Beberapa langkah perubahan diambil oleh Habibie, seperti liberalisasi parpol, pemberian kebebasan pers, kebebasan berpendapat, dan pencabutan UU Subversi. Walaupun begitu Habibie juga sempat tergoda meloloskan UU Penanggulangan Keadaan Bahaya, namun urung dilakukan karena besarnya tekanan politik dan kejadian Tragedi Semanggi II yang menewaskan mahasiswa UI, Yun Hap.
Pada pemilu tahun 1999, Abdurrahman Wahid terpilih sebgai Presiden keempat RI. Dalam pemerintahanya banyak diwarnai dengan gerakan-gerakan separatisme yang makin berkembang di Aceh, Maluku dan Papua. Selain itu, banyak kebijakan Abdurrahman Wahid yang ditentang oleh MPR/DPR. Selanjunya pada tahun 2004, Pemilihan umum secara langsung untuk pertama kalinya dilakukan dan yang terpilih ialah Presiden SBY yang kemudia juga terpelih untuk kedua kalinya. Perbaikan dari sektor hukum yang terjadi pada masa ini juga tidak terlalu memuaskan.
Jadi, sejarah hukum pada zaman reformasi ini lebih ditekankan pada tereliminasi posisi ABRI di DPR, DPD menggantikan Utusan Daerah dan Utusan golongan, Terbentuknya multi partai politik, Terealisasinya penyelenggaraan otonomi daerah yang dititik beratkan pada daerah Tk. II, MPR hanya sebagai forum pertemuan antara DPD dan DPR, Presiden dan Wakil Presiden dipilih langsung serta Terbentuknya lembaga hukum yang baru seperti MK, KPK dan KY. Akan tetapi persoalan hukum yang lain yang mesti harus disempurnakan kembali yaitu biaya demokrasi masih terlalu mahal, Terjadi korupsi merajalela dimana-mana, Fungsi DPD sebagai wakil daerah sangat terbatas, karena hanya beranggotakan 1/3 dari anggota DPR, maka dalam voting “one man one voute”, tdk ada keseimbangan dengan anggota DPR, Penegakan  hukum belum mencerminkan jiwa reformasi (terutama para aparat  penegak hukum masih ada yang bermental korup) serta Pelaksanaan otonomi daerah yang berbasis pada Bottom up, belum menunjukkan hasil yang maksimal.

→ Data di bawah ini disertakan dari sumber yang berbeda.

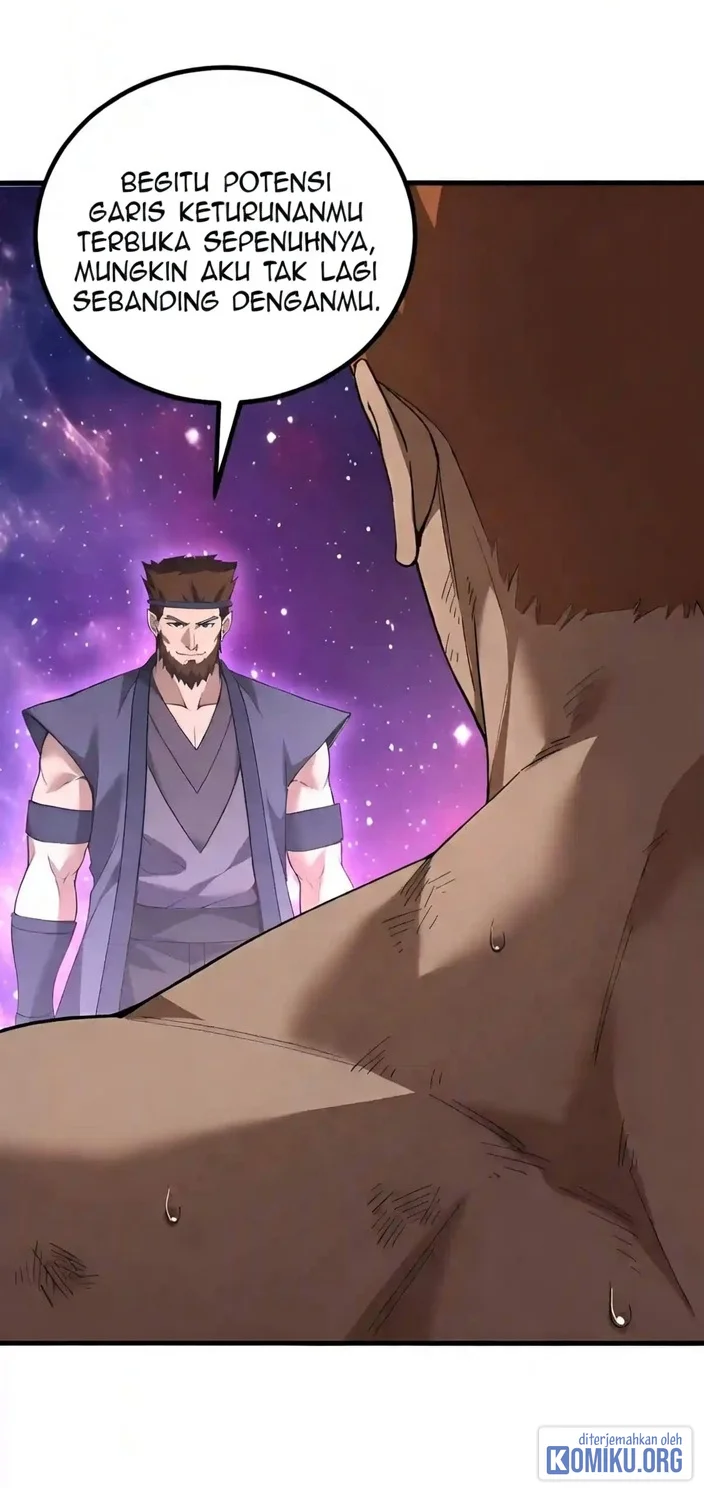 Apex Future Martial Arts Chapter 364 Gambar 21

Pendapat Mengenai Perkembangan Hukum di Indonesia pada Awal Kemerdekaan, Masa Orde Lama, Orde Baru dan reformasi

Jadi, pada awal kemerdekaan, Indonesia masih menggunakan hukum yang lama yakni Pasal II Aturan Peralihan UUD 1945, Pasal 192 Konstitusi RIS (pada saat berlakunya Konstitusi RIS) dan Pasal 142 UUDS 1950 (ketika berlaku UUDS 1950) dengan sistem demokrasi liberal dengan tujuan untuk membangun hukum nasional yang berdasarkan kepribadian bangsa melalui pembangunan hukum.

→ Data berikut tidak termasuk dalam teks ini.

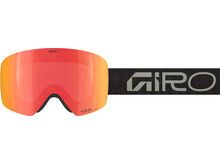Giro Contour RS, Vivid Ember / fragments black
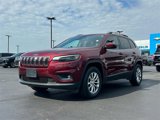Used 2019 Jeep Cherokee Latitude w/ Cold Weather Group image 3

Kemudian pada era orde lama, demokrasi yang berlaku adalag Demokrasi Terpimpin sehingga terjadi kepemimpinan yang otoriter.
Selanjutnya pada masa orde baru, pemerintah memfokuskan perhatiannya pada aspek pembangunan ekonomi. Pengurutan hukum juga menjadi agenda yang begitu penting dalam hal ini UUD 1945, UU/Perpu, dan lain sebagainya. Dengan konfigurasi politik otoriter ini, maka produk hukum yang dihasilkan adalah represif dalam hal ini hukum yang menindas.
Sedangkan pada era reformasi, wewenang presiden dikurangi serta ditelanjangi. Dimana setiap kali mengangkat pejabat Negara dalam hal ini Panglima, Kapolri, Jaksa Agung dan lain sebagainya mesti harus Fit and proper Test oleh lembaga legislatif, dengan tujuan agar supaya gaya kepemimpinan otoriter pada masa era orde baru tidak terulang kembali. Sehingga wewenang Presiden disatu sisi tidak otonom. Akan tetapi dengan melihat konfigurasi politik disisi yang lain, maka produk hukumnya bersifat responsive meski pada kenyataannya tidak murni demikian.